Problem statement — Write out all records as given; omit images.

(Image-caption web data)
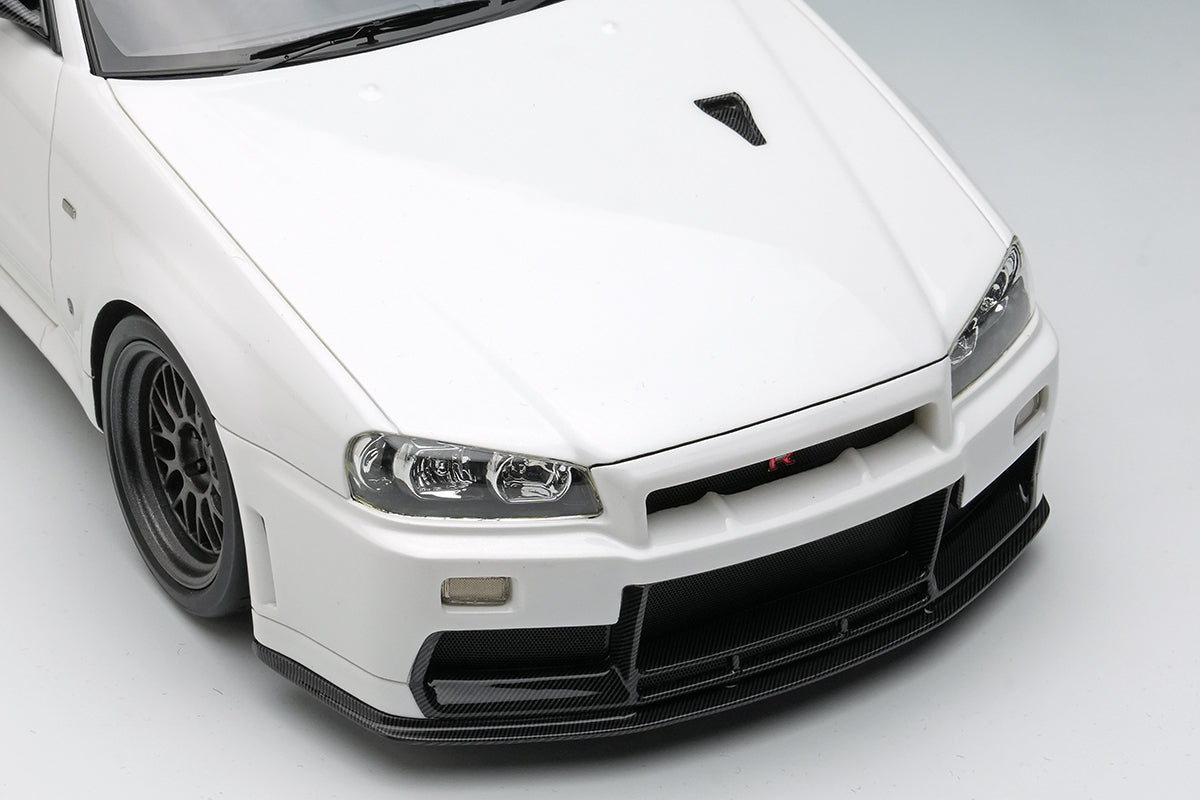 < Pre Order > 1/18 Built By Legends R34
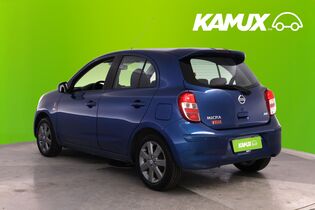 Nissan Micra vaihtoauto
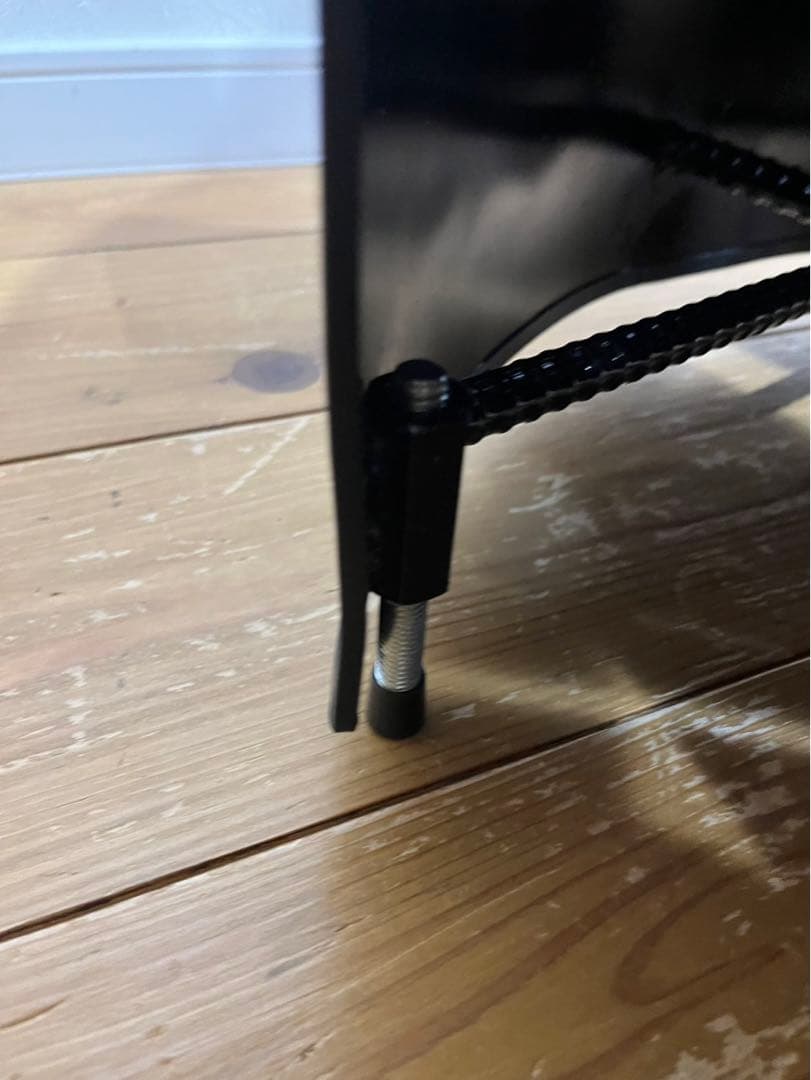 ドラム缶リメイクテーブルセット　無垢材仕様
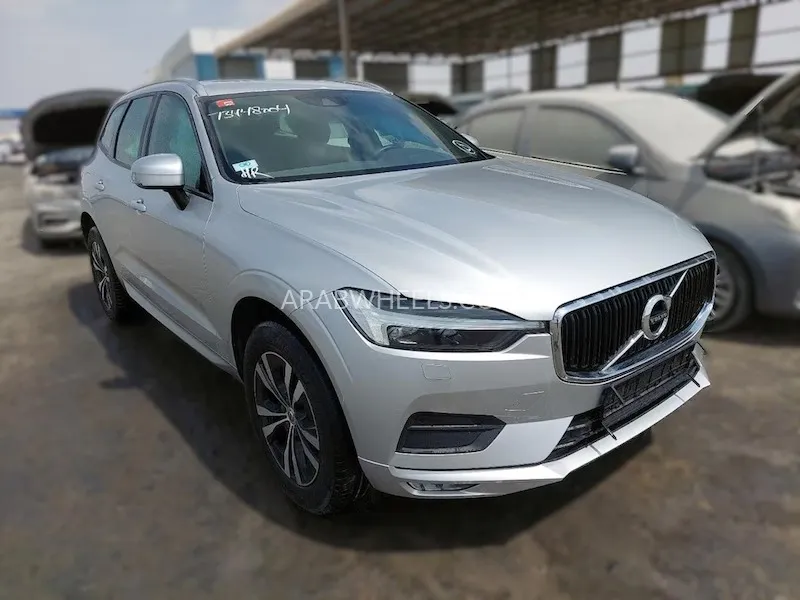 Volvo XC60 2021 for Sale in Sharjah Image-1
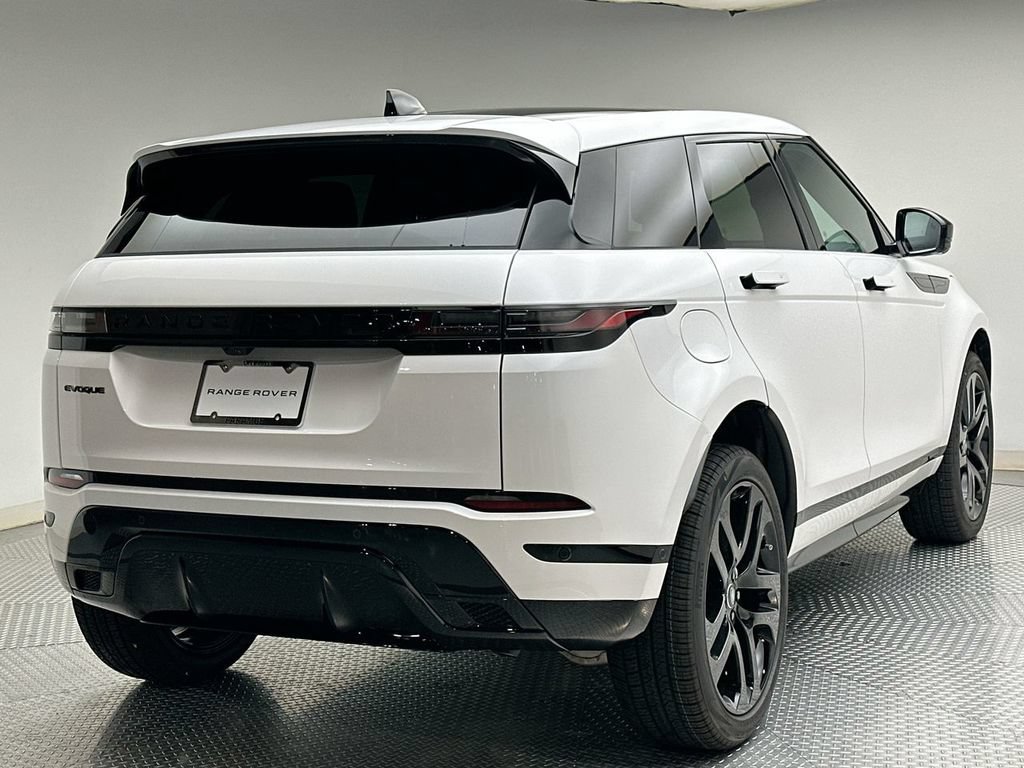 New 2026 Land Rover Range Rover Evoque Hoxton AWD/4WD image 3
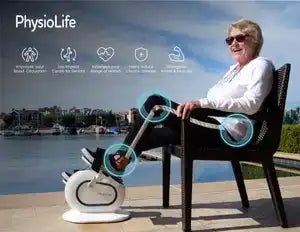 PhysioLife - Auto self pedaling exerciser - Image 6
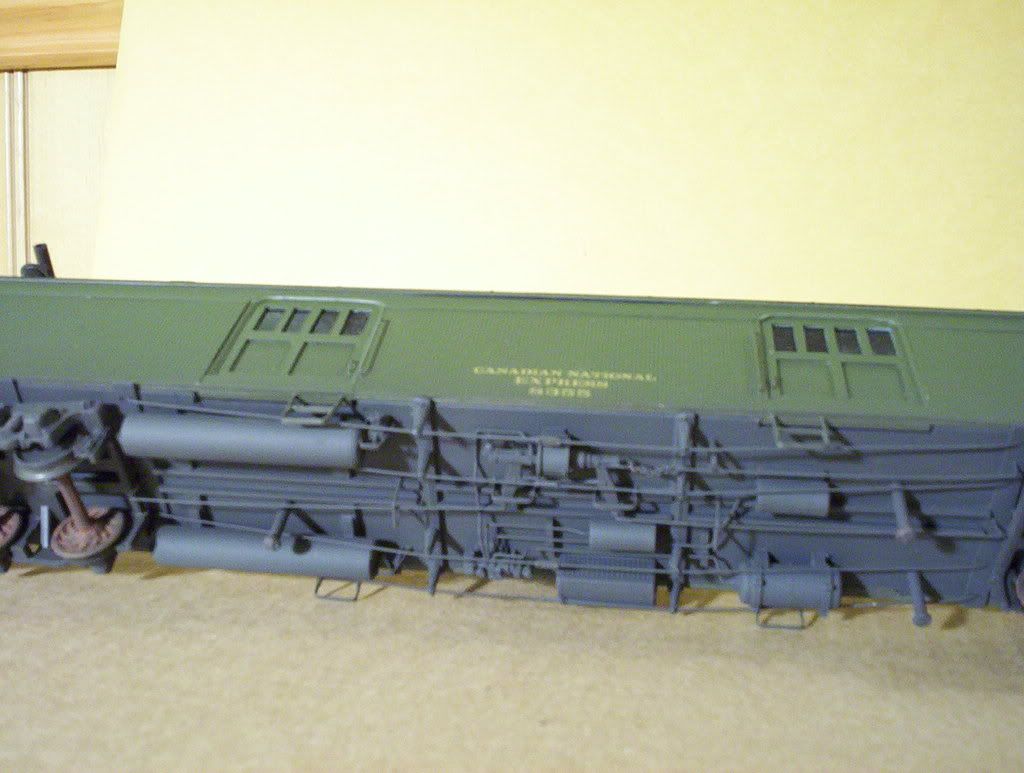 Athearn passenger cars: how accurate - Model Railroader Magazine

Answer section —
 < Pre Order > 1/18 Built By Legends R34
 Nissan Micra vaihtoauto
 ドラム缶リメイクテーブルセット　無垢材仕様
 Volvo XC60 2021 for Sale in Sharjah Image-1
 New 2026 Land Rover Range Rover Evoque Hoxton AWD/4WD image 3
 PhysioLife - Auto self pedaling exerciser - Image 6
 Athearn passenger cars: how accurate - Model Railroader Magazine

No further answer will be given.